When you see the naked, to clothe them,

And not to ignore your own kin.

Somehow- we have to be able and willing to say it all: 

To say, just as Chef Jose Andres said in his stunning op-ed this week, that we too “know that food is not a weapon of war.” To say that we know that it is upon us to ensure that we fulfill that most basic obligation to prevent starvation, and further suffering. 

To say that we know it is upon us to unlock the fetters of wickedness. To stand in solidarity with the tens of thousands of people across Israel who have taken to the streets over these last months, screaming for change, calling out the true wickedness of those who claim to lead.

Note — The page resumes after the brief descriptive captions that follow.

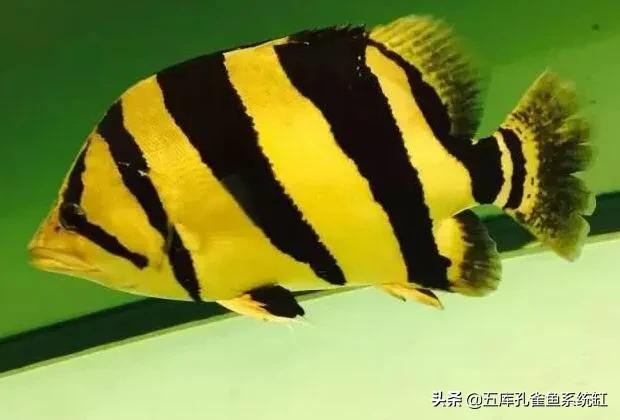 头条问答 虎鱼鳃充血怎么治疗 6个回答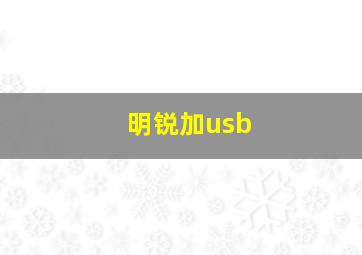 明锐加usb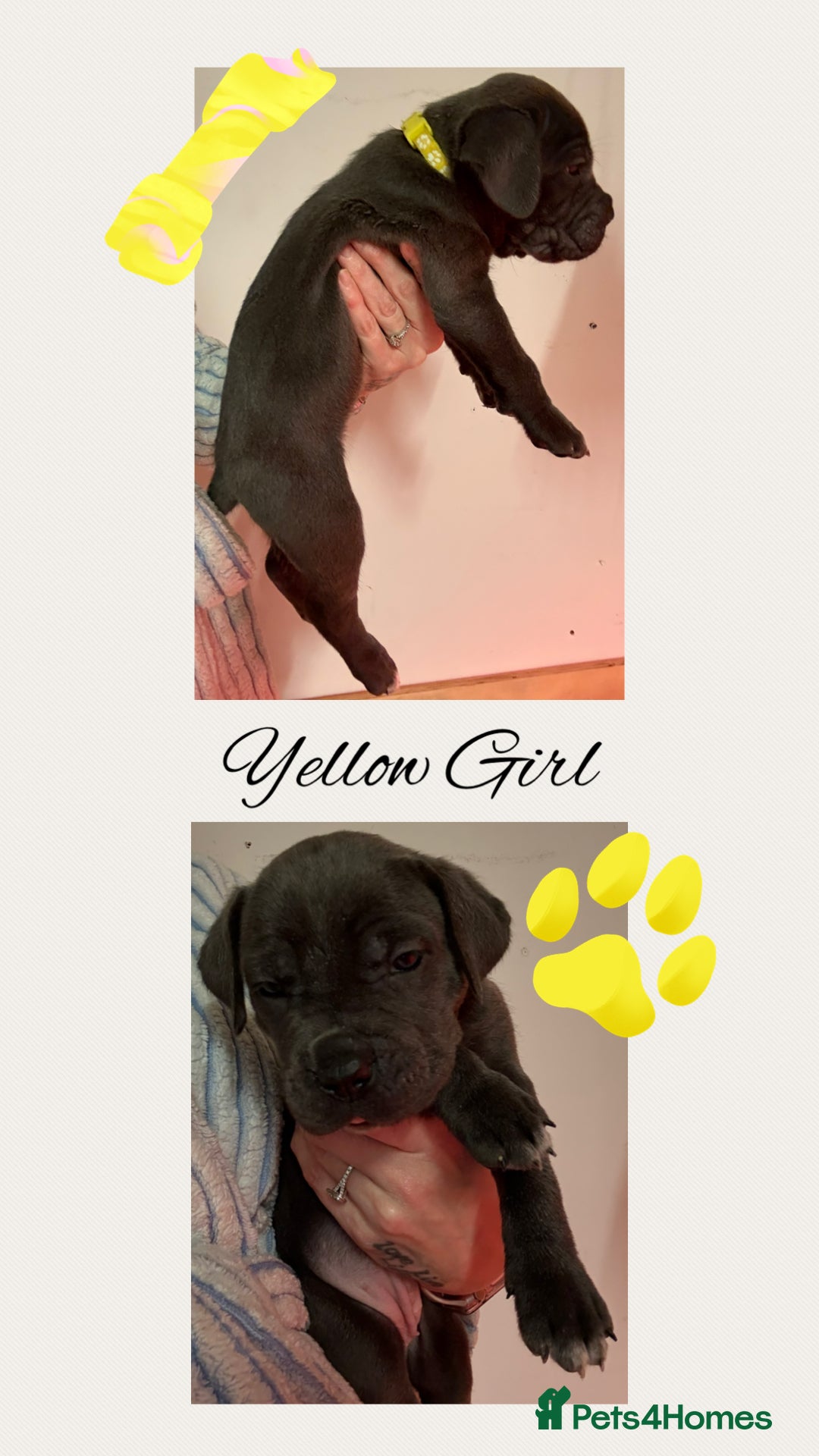 Cane Corso dogs for sale: 💎STUNNING Cane corso puppies 💎 - Image 8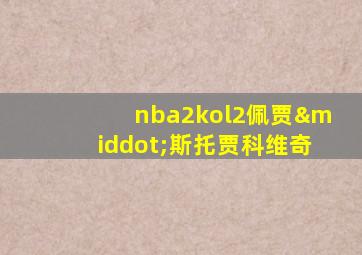 nba2kol2佩贾·斯托贾科维奇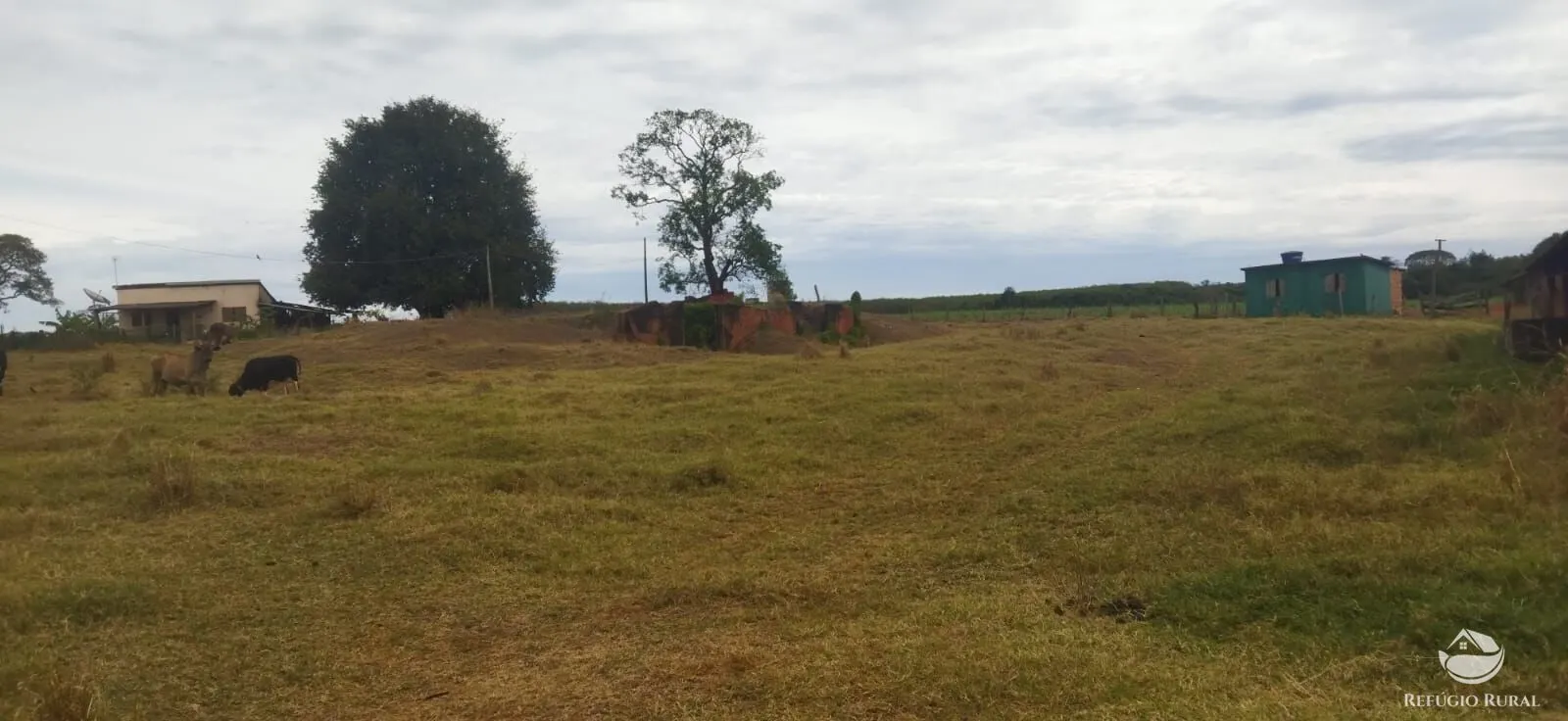 Farm for sale of 354,013 acres in Frutal, MG, Brazil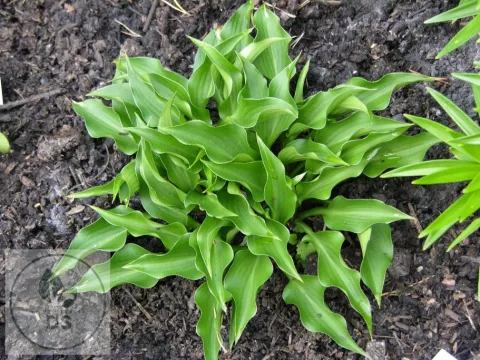 Hosta 'Harry Van Trier'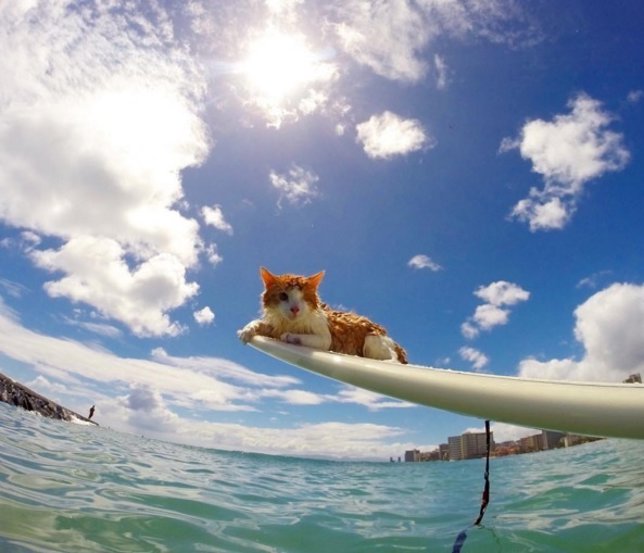 Gato surfea en las aguas de Honolulu, Hawaii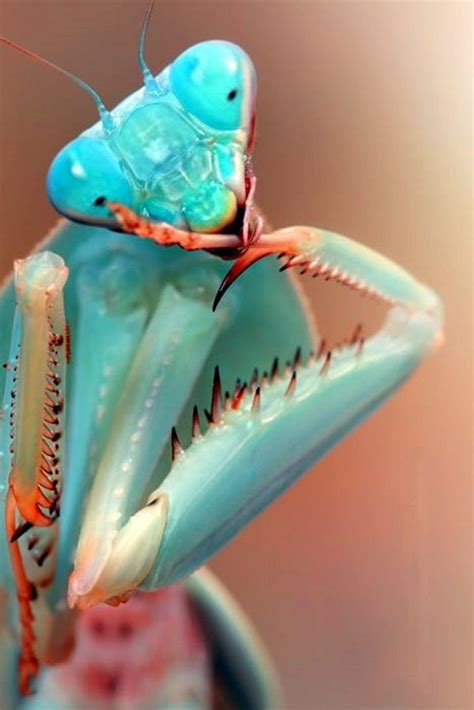 40 Outstanding Macro Photography Examples and Tips | Praying mantis, Beautiful bugs, Insects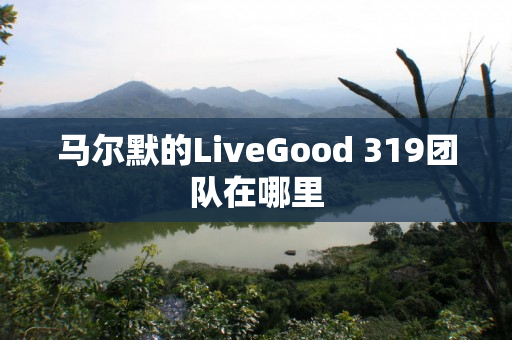 马尔默的LiveGood 319团队在哪里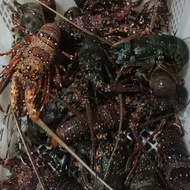 Lobster laut isi 3 - 4 1kg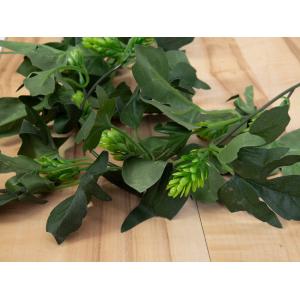 EUROPALMS Hop Garland, artificial, 170cm
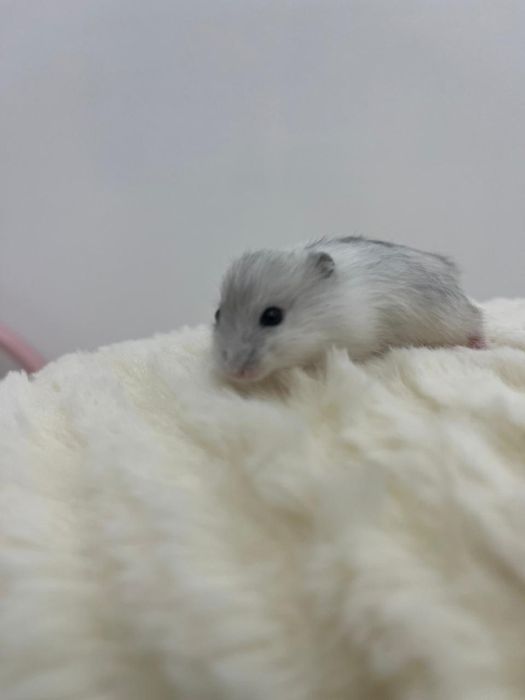 Хомяки с клеткой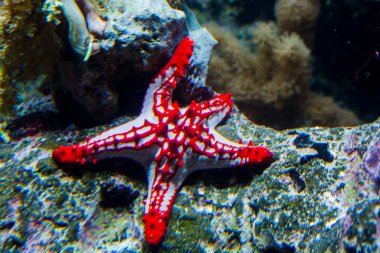 Red knob sea star, its scientific name is Protoreaster linckii clipart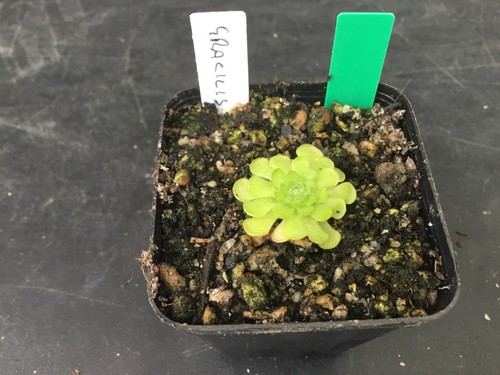 Pinguicula gracilis - pinguicula,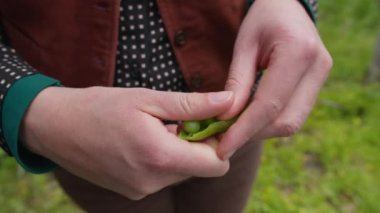 Eller kabuk ince bezelye kabukları.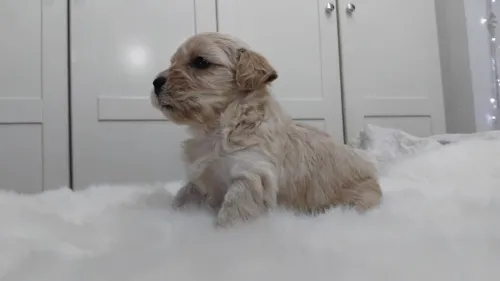 Caniche nés le 21 Décembre 2025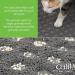 Catit Small Grey Litter Mat - Keep Your Space Clean and Tidy - Buy Online on GoSupps.com
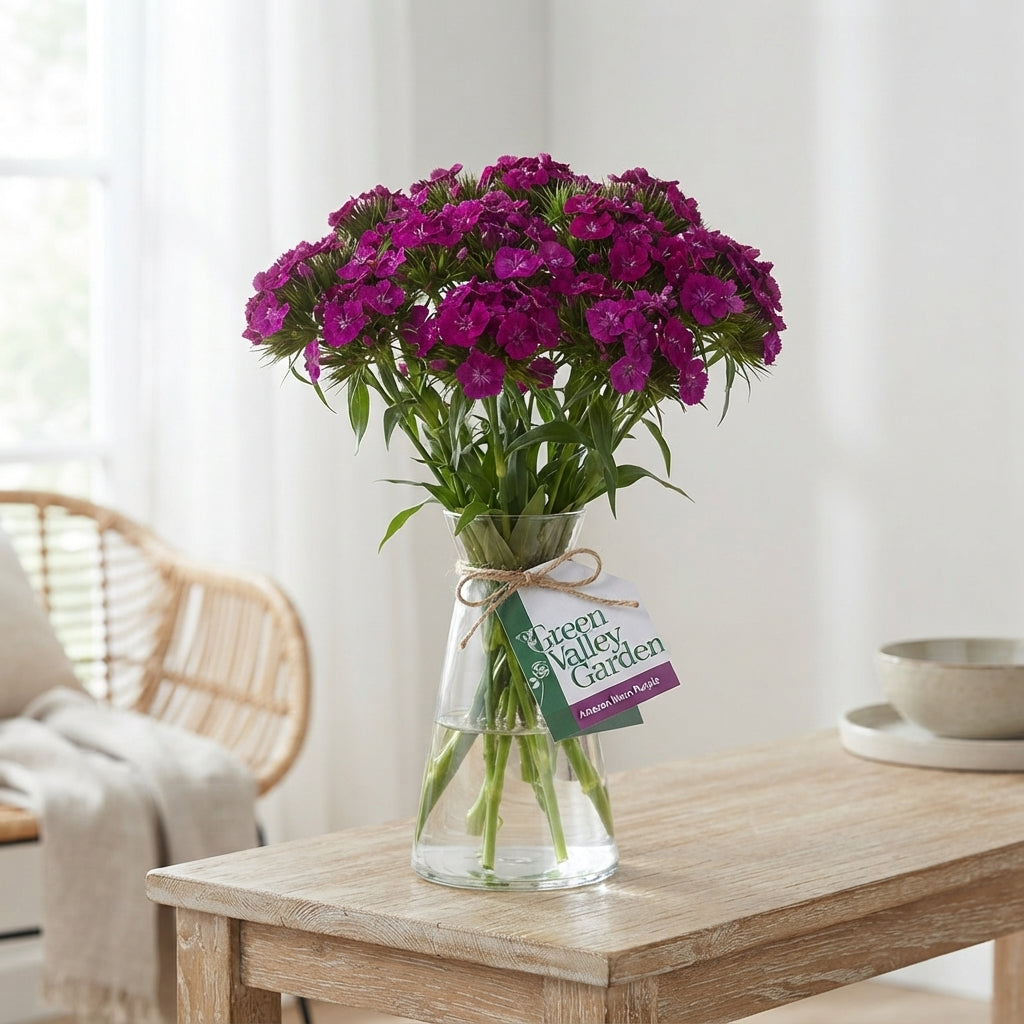 FeedSync:wholesale:d2c1aeb89d3b36e9395df25051710cc404381881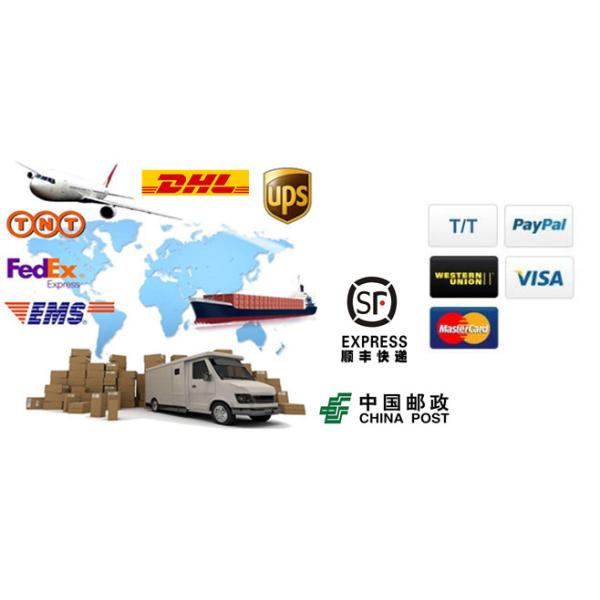 Cabo ethernet LSZH 1000ft da rede do forro de SFTP 23AWG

To stand in solidarity especially with those who see that our ability to live in peace is intertwined.

And, crucially, to say that kol Yisrael arevim zeh la-zeh, all of Israel is responsible for one another; Isaiah reminds us not to ignore our own kin. To say that it is still upon us to keep the names of those 134 hostages who remain in captivity for 6 months on our lips— to continue to shout mightily for their release. 

I think we can do it all. I think we can say it, we can shout it, we can act as an amplifier for others who are saying it too: but we can only do that if we believe that another way is possible. 

My hope and prayer on this Shabbat is that these hours of rest will offer us a glimpse of that other way: a world in which rest, safety, nourishment, freedom, and peace are possible.